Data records
▼

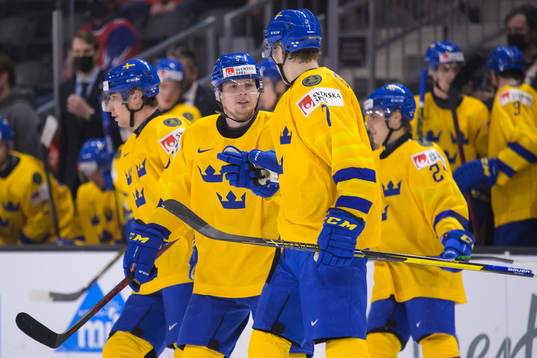 Anton Olsson and Simon Edvinsson of Sweden celebrate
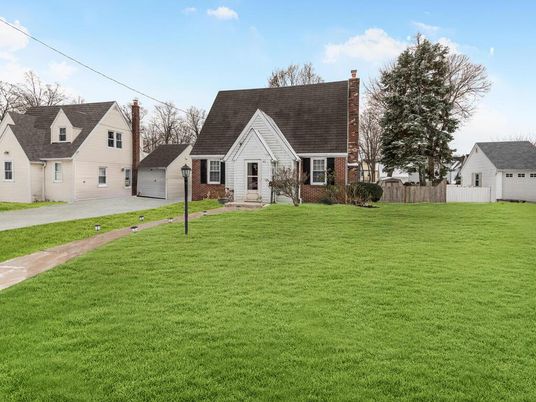 Attached, Backyard, Detached Garage, Exterior, Facade, Brick Facade, Cape Cod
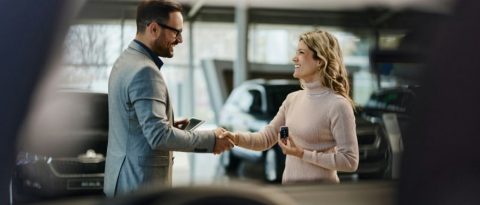 Man shaking hands with a woman holding a key to a new car.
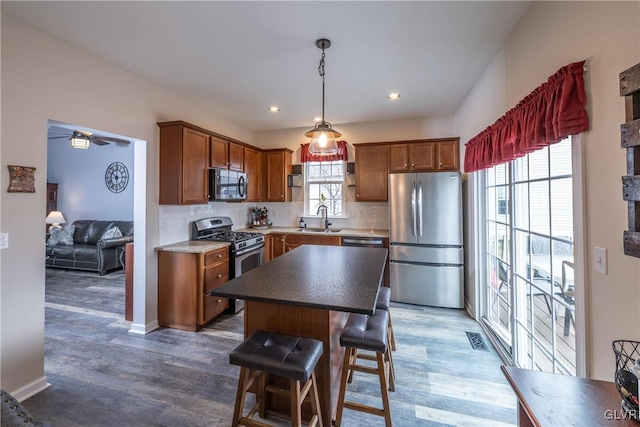 kitchen with a sink, stainless steel appliances, tasteful backsplash, and visible vents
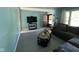 Inviting living room with gray flooring, a comfy sectional, and stylish decor at 128 Coronado Rd, Indianapolis, IN 46234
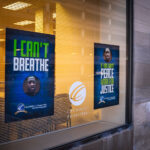 Signs in the windows of Catholic Charities.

▲

§ **Problem description**: Starting at the line with "kitchen with a", write out every line exactly through the final line of the records above, both included, and skip the pictures.

§ **Task answer**:
 kitchen with a sink, stainless steel appliances, tasteful backsplash, and visible vents
 Inviting living room with gray flooring, a comfy sectional, and stylish decor at 128 Coronado Rd, Indianapolis, IN 46234
 Signs in the windows of Catholic Charities.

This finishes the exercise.